Basically the strategy is a more restrictive value based around a card type to get the most value out of the deck. Scion of the Ur-Dragon was one such early legend, with others like Marina Vendrell, Tom Bombadil and Go-Shintai of Life’s Origin being more contemporary and restrictive ones. If you really want to go all in on restrictions, Urtet, Remanat of Memnarch and Avatar Aang are only going to get some beginning support from sets and maybe sporadic or never again support.
These legends enable and often are a payoff to whatever your deck wants to be doing or let you cheat on costs or some other benefit that might be innate to the type of card you’re using. Often these are some of the most powerful decks to construct with varying degrees of resilience.
BUFFING LEGENDS
These legends are here for one thing only: get the team going. In the same vein as some of the typal legends like Najeela and Jodah, these are a bit more restrictive in that they don’t enable you getting the things you’re buffing as much as having the team swing and survive or overwhelm.

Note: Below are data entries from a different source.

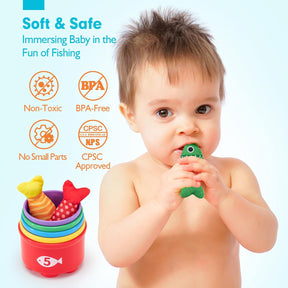 Little Fishpond Soft Fishing Play Set for Toddlers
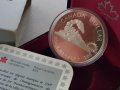 1 сребърен долар 1986 година Канада Елизабет II сребро в ТОП качество, снимка 3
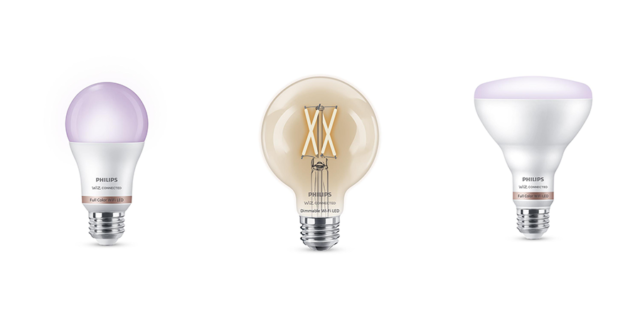 Philips WiZ : Nouvelle gamme d’ampoules LED connectées Wi-Fi sans pont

While Najeela could fit here, other legends like the new Heroes in a Half Shell from the Teenage Mutant Ninja Turtles Commander does similar things as does the much more narrow Kyodai, Soul of Kamigawa (still upset with that design). In fact, Kyodai barely makes the list here since it only buffs itself and makes one other creature indestructible, barely scraping out Big Bad five color legends territory.

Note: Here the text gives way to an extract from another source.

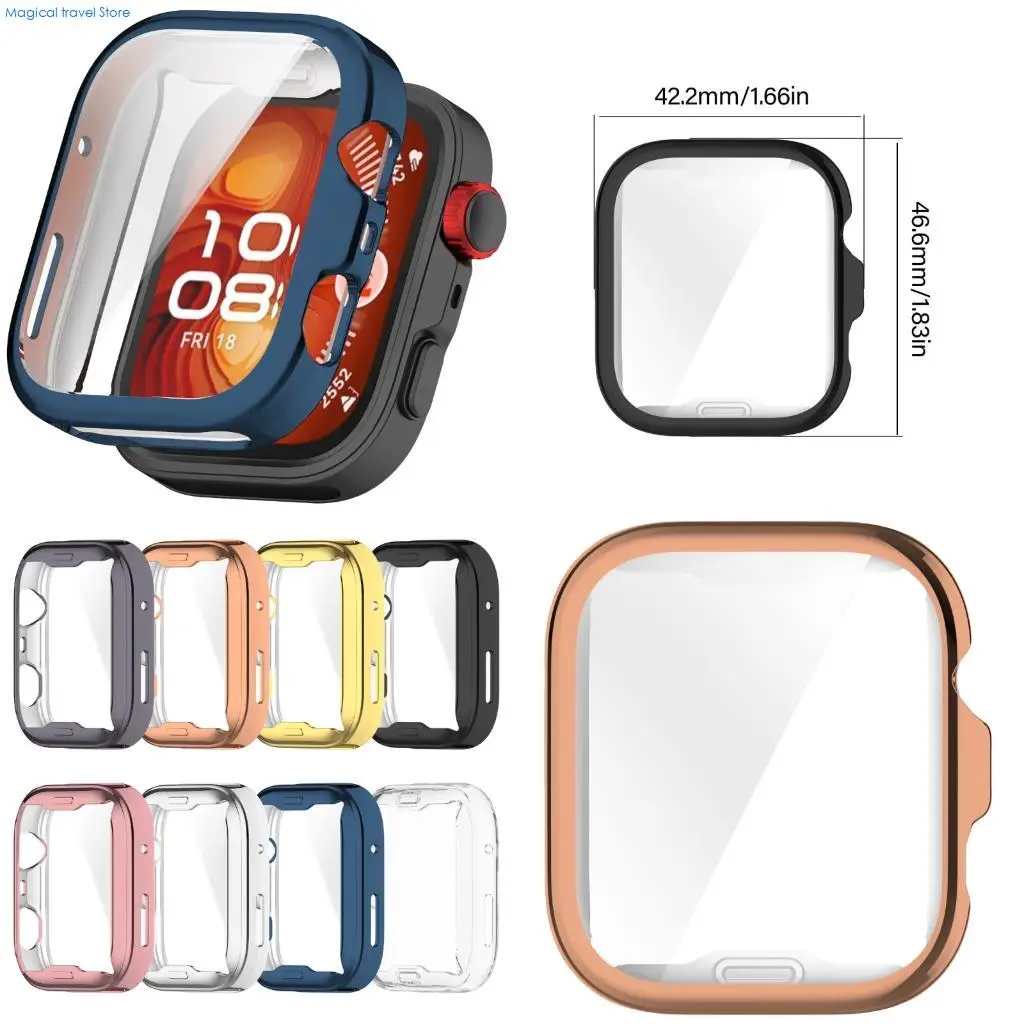N2UB Stylish Complete Protective TPU Full Wrap Case Soft Flexible Against Scratches Shock Absorbing Enclosure for Watch Fit 4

Cosmic Spiderman is also a good example and also crosses into typal territory, wanting you to play spider typal to get the full benefit as often as possible.
FLAVOR LEGENDS

I decided to put some legends that stand out here, even though a lot of them can have overlap with the other categories. Things like Cromat which could be considered value or the many renditions of the five color Niv-Mizzets.

The Nivs are especially centric to this category, where they actually are on flavor for either representing the guilds or some Izzet mechanic that was featured, Niv being the prior leader of the guild. Terra, Magical Adept and The Wandering Minstrel might also be, though I admit I’m not familiar with Final Fantasy very much at all.

Leonardo the Balance is another creature that hits on flavor, at least from the card design perspective. He’s the central rock for his brothers, so he has the five color identity to help tie them together.

Leonardo also covers flavor in a different way, much like some other commanders like Jenson Carthalion or General Tazri. Much in the way they tie things together mechanically or for a set, White by far has the most single colored five colors commanders. That is, a card that costs only White and generic mana to cast but has a five color commander identity. It seems that for flavor, at least for the moment, community, order, and structure allow best for these types of legends.
Summon the Painbow
There is a lot of cross over for some five color legends among these categories, but I think most fit one over another. The designs tend to fit nicely within them in my opinion, but I think over time we’ll see different combinations and more bleeding over. Maybe a new distinct category might spring up. We do have Lorwyn Eclipse coming and I would assume five color reanimator for elementals is on the way.
By the way, I’d pick up a few cards from the old set of Lorwyn, Shadowmoor, Morningtide or Eventide if you think you’ll need ‘em. No telling what they may or may not reprint from that slower, less opened time of Magic sets.